Heavy editing of the diary by her father Otto immediately after the war made Anne’s metamorphosis from teenager to icon possible. Her father, the only one of the family to survive the concentration camps, took great pains to excise references to subjects and people which he considered inappropriate. Careful and traditional gentleman that he was, and living in a world with different thresholds of decency from our own, the bereaved father omitted completely or partially Anne’s writings on the changes her pubescent body was going through, her short-lived but intense obsession with Peter, her sometimes unkind observations on her family and the others living cheek by jowl in the secret annexe and the myriad irritations and moods understandable in a 13-year-old cooped up indoors with the same people for two years.

While it did not stop many generations of young people the world over being captivated and moved by her story, it did keep from us the three dimensionality of this quintessentially adolescent girl.
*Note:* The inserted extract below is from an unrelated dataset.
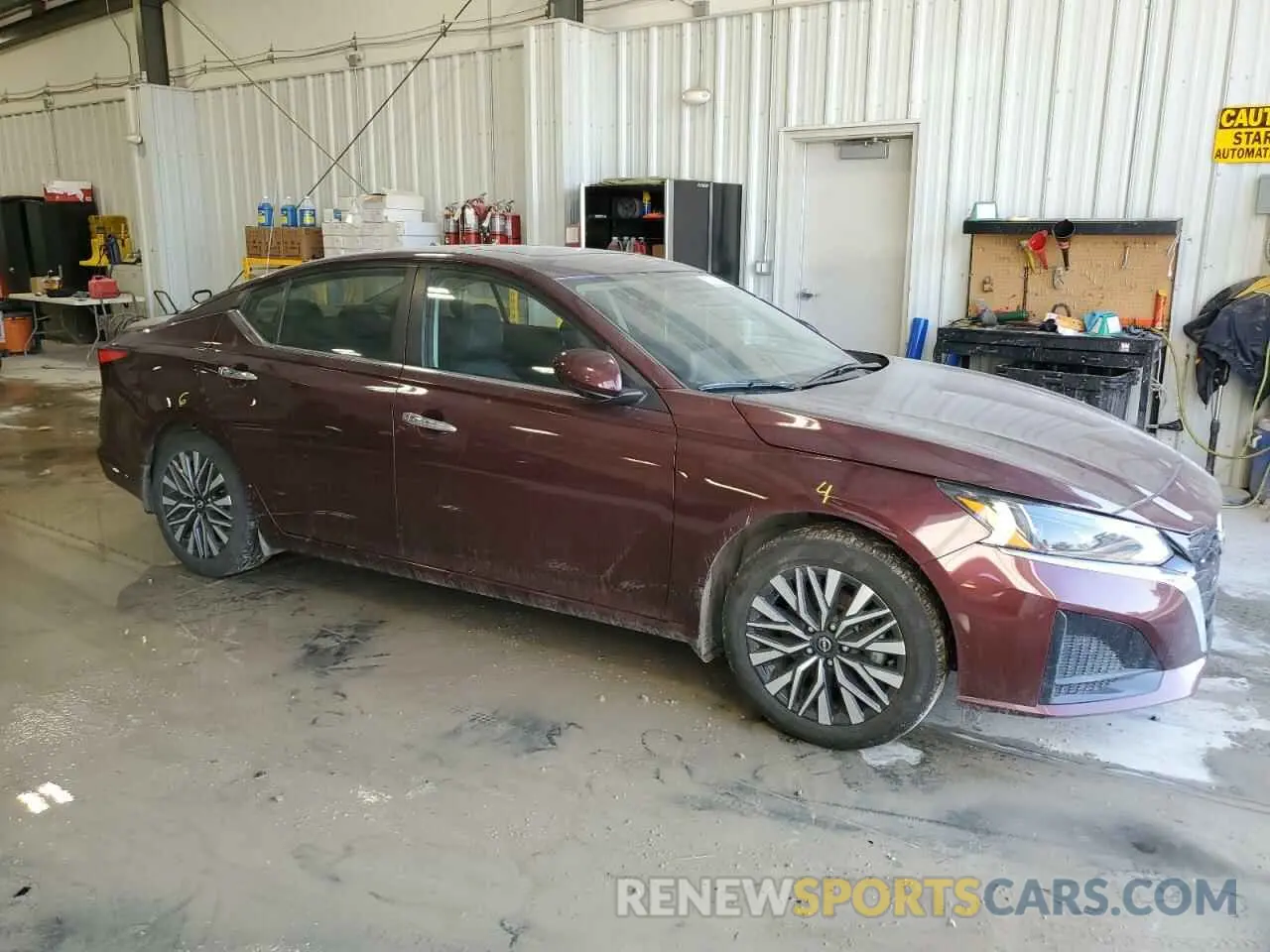 4 fotografías del automóvil dañado 1N4BL4DV9RN412050 NISSAN ALTIMA 2024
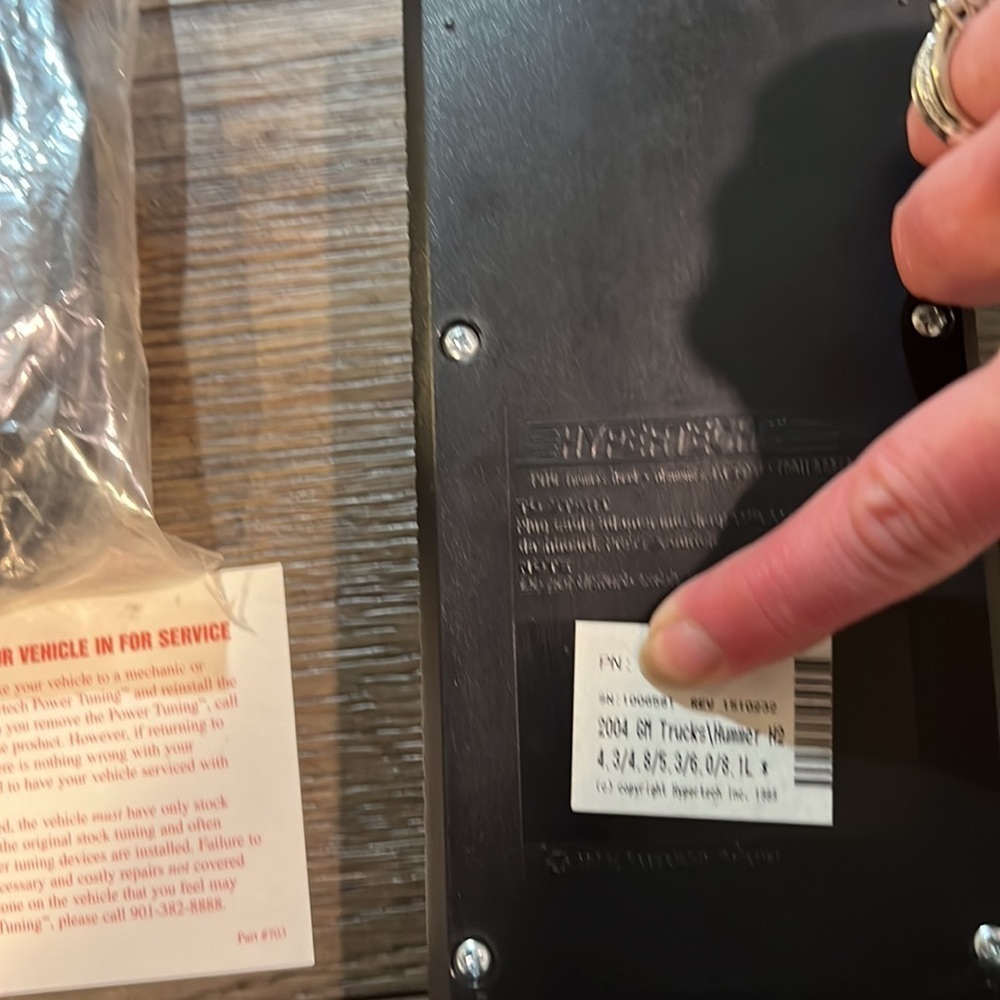 Hypertech Power Programmer III Model 30022​​​ - Picture 6 of 7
The definitive edition of the Diary of a Young Girl puts back what Otto took out and treats the text to a wholly superior new translation by Susan Massotty. It also shows us the annotations that Anne herself added in 1944 to entries written two years previously. These were in response to a radio broadcast from a spokesman for the Dutch government in exile announcing a plan to collect eyewitness accounts of the experiences of the Dutch people under German occupation for posterity - including diaries. The broadcast captured the 15-year-old writer’s imagination. From then on, she harboured her own plan to publish a book after the war based on her diary and set about rewriting and editing her old entries.

The new version, containing approximately 30 per cent more material than the original published diary, is a revelation. Mirjam Pressler’s enlightened editing has injected a vibrancy and youthful credibility to the material that was lacking before. Anne is metamorphosed from slightly wooden museum piece to a complicated girl who has her ups and downs and comes across as startlingly contemporary.

Take the entries for March 17 1944. In the old version edited by Otto Frank, 15-year-old Anne complains about her parents: “Something else, especially about me, that doesn’t please them: I don’t feel like giving lots of kisses any more and I think fancy pet names are frightfully affected. In short, I’d really like to be rid of them for a while.” In the new translation previously excised bits are included to good effect: “There’s something else that displeases them: I no longer feel like giving them little kisses morning, noon and night. All those little nicknames seem so affected, and Father’s fondness for talking about farting and going to the lavatory is disgusting. In short, I’d like nothing better than to do without their company for a while, and they don’t understand that.”

She also emerges, in a previously omitted passage from June 13, 1944, as a thoroughly modern feminist railing against the “system of values and the men who don’t acknowledge how great, difficult, but ultimately beautiful women’s share in society is.” Given the by then appalling circumstances in which she and her fellow prisoners were living, the very fact that she was thinking about the inequality of the sexes is a testament to her lively mind. Six weeks after that entry was written, she and the others were discovered and transferred to Westerbork transit camp before being deported to Auschwitz. Anne and her sister Margot died in Bergen Belsen a few weeks before liberation in April 1945.

This edition will shine a new light on Anne Frank for those who have read the original diary. And for readers new to her, including young people who are the age she was when she started writing, it will be an immensely powerful and enjoyable introduction to the multi-faceted person that she was and the world that she inhabited - a world, in many ways, not so different from our own.